A shared OS and architecture is essential to implement any kind of horizontal transfer. An HGTed gene needs not only shared codon usage but also the entire OS and additional protocols such as ATP for energy, NADH for redox, etc (which we skipped over above). That bacteria have a single universal core in their OS (the details of which we have only skimmed over here, but are the standard material in biochemistry texts) make HGT universally accessible.
Apps need shared OSes to transfer, and the (limited but nontrivial) diversity in OSes makes HAT somewhat less universal than HGT. Humans need shared language and tools and backgrounds to transfer skills and knowledge. This essay is utterly incomprehensible to most readers, and would remain so even if the exposition were upgraded from horrible to fantastic (something I’m eager to get help on), because it relies on an enormous amount of rare but shared memes.

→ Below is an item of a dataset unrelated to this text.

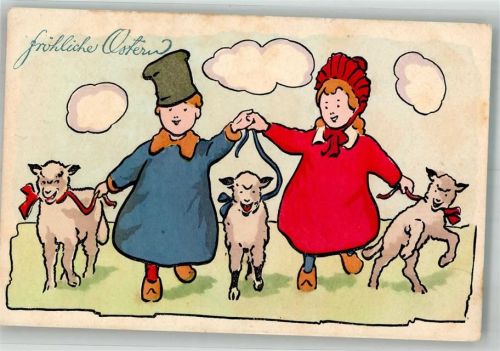 1910 Kinder mit Schafe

Yet to some, all of this is trivial and obvious. (We’ll hopefully get to the nontrivial at some point.)
We could plausibly call the genes, memes, and apps that are capable of horizontal transfer informally by any one of them, and each offers a nuance of meaning. Memes is already a take-off on genes, but I like “apps” for this audience because it is the most familiar and well understood. It also invokes the sense of dynamic functionality that can be acquired from others, whereas gene can seem (misleadingly to me) to be a more static concept, because control is as important as coding regions.